Тогда Павлов передал суду справку анкарского банка о том, что за два дня до открытия Карачаем адвокатской конторы ему была переведена крупная сумма такой-то немецкой фирмой.
Справка вызвала сенсацию. Все знали, что это за фирма. В зале откровенно смеялись, раздался чей-то свист, публика шумела. Иностранные журналисты дружно скрипели перьями. Дипломаты в первом ряду, кроме немцев, разводили руками и саркастически улыбались. Кемаль Бора сидел с таким лицом, что за него становилось страшно. Один генеральный прокурор молчал с невозмутимым и даже довольным видом. Он в глубине души был рад провалу своего заместителя, который явно метил на его пост и сильно рассчитывал на лавры по этому делу, почему-то порученному ему, а не Джемилю Алтаю.
Заседание закончилось коротким заявлением Павлова, который сказал:
— Господа судьи, заканчивая представление документов по этому эпизоду, я должен выразить своё соболезнование господину прокурору Кемалю Бора, попавшему публично в столь непристойное и тяжёлое положение своей ссылкой на сведения, полученные им непосредственно из гестапо. Я не могу в связи с этим не вспомнить старую турецкую поговорку: “Если ты пьёшь воду из мутного источника, не удивляйся, что у тебя испортился желудок”.

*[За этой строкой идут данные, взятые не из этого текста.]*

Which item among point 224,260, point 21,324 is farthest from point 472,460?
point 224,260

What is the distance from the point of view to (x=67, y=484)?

Дружный взрыв хохота в зале. Кемаль Бора вскакивает и что-то кричит. Председатель суда изо всех сил звонит в колокольчик, но зал продолжает грохотать…
***
Господин Петронеску с волнением узнавал все эти подробности. Дело, которое стоило стольких трудов, явно не клеилось. Если и дальше пойдёт в таком же роде, будет полный провал.Как бы в ответ на эти невесёлые мысли прибыл приказ вылететь в Берлин. Ничего хорошего это не предвещало.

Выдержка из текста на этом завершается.